Background Treatment escalation plans (TEPs) document decisions around levels of care. In April 2020 during the first wave of the Covid-19 pandemic 90–100% of TEPs were completed in our health board, falling to 12–82% by September 2020. We aimed to increase the percentage of inpatients with a TEP that was completed, and discussed with the patient or relative. Our secondary aim was to explore barriers to TEP completion.

Method All doctors working in one large acute teaching hospital were invited to complete an online questionnaire, identifying barriers to completing TEPs. Two medical and two surgical wards were selected for study. One of each were selected at random to receive a teaching intervention focused on the rationale and practical application of TEPs. TEPs were audited on all wards pre and post intervention.

Results The doctor’s survey had 40 responses. In medicine and surgery the main barrier was ‘time pressures’. In trauma and orthopaedics (T&O) it was ‘unable to find a TEP form in the notes’.

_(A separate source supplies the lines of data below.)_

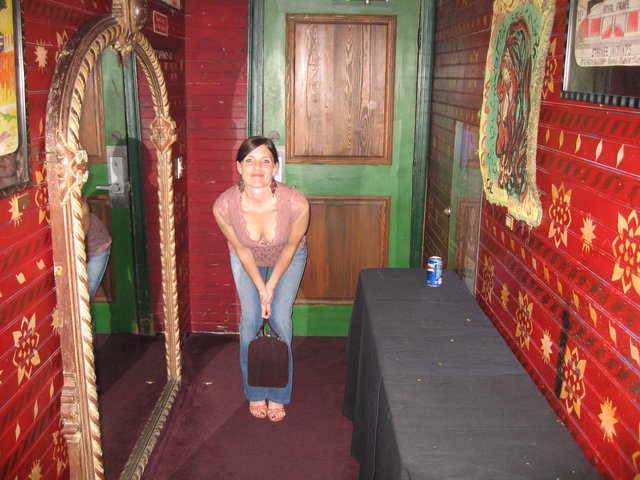 Woman Posing in Eclectic Red-Walled Venue Hallway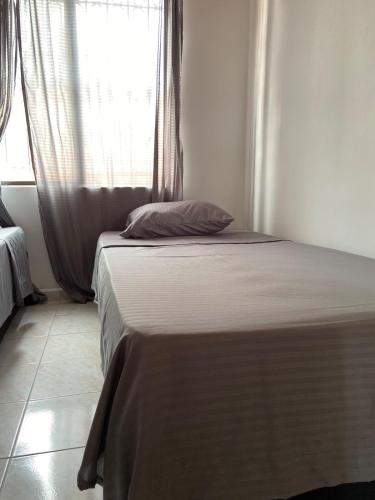 a bed in a room with a window at Casa Vacacional Villavicencio in Villavicencio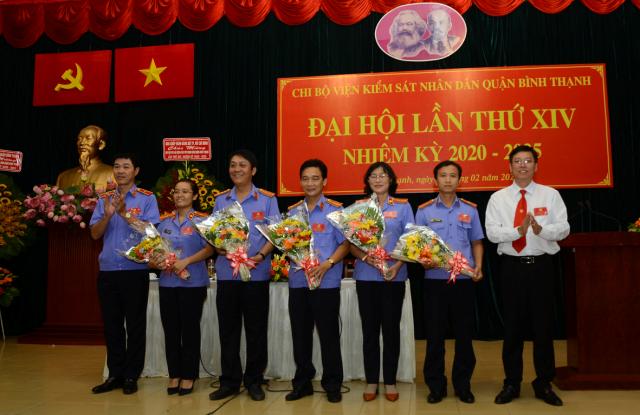 Đồng chí Mai Trung Thành (trái) và đồng chí Vũ Ngọc Tuất (phải) tặng hoa chúc mừng cấp ủy Chi bộ Viện Kiểm sát nhân dân quận nhiệm kỳ 2020 - 2025. (Ảnh: VM)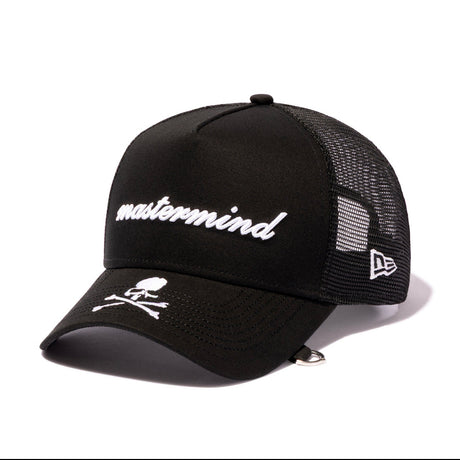Black Mastermind Japan X New Era 9FORTY A-Frame trucker cap with logo, casual streetwear style, front view.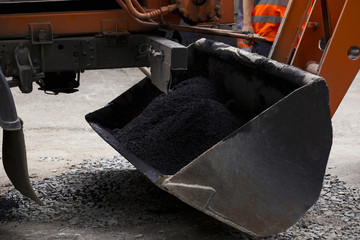 asphalt in a ladle of excavator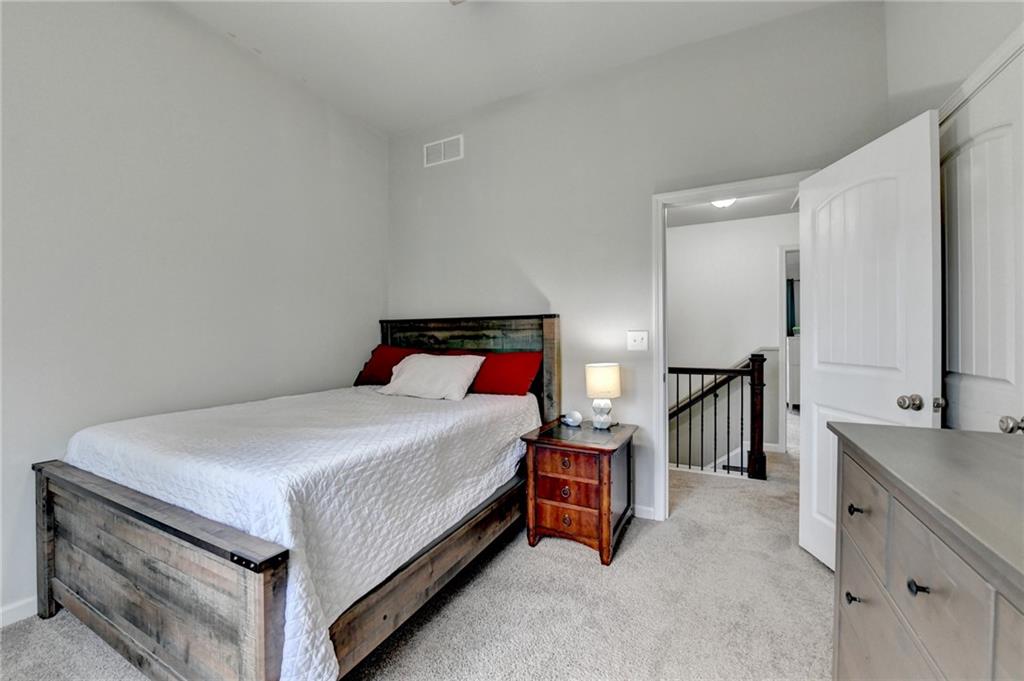 533 Widgeon Way Jefferson, GA 30549 - Photo 58 of 101 a bedroom with a bed and a dresser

14 doctors, 32 nurses and 4 healthcare support workers attended the teaching intervention. We also provided teaching during the T&O clinical governance meeting. In medicine, numbers of completed TEPs decreased from 20 (80%) to 12 (52%) on the non-intervention, and from 9 (30%) to 5 (19%) on the intervention ward. In surgery, numbers of completed TEPs increased from 1 (3%) to 2 (7%) on the non-intervention ward and from 0 to 3 (12%) on the intervention ward. Of the 30 patients who were not for full escalation, 8 (4 pre-intervention, 4 post-intervention) did not have a documented discussion with the patient or relative.

Conclusion The teaching intervention is not clearly effective in isolation. This may in part be because it did not address the major barriers to TEP completion, as identified in the survey.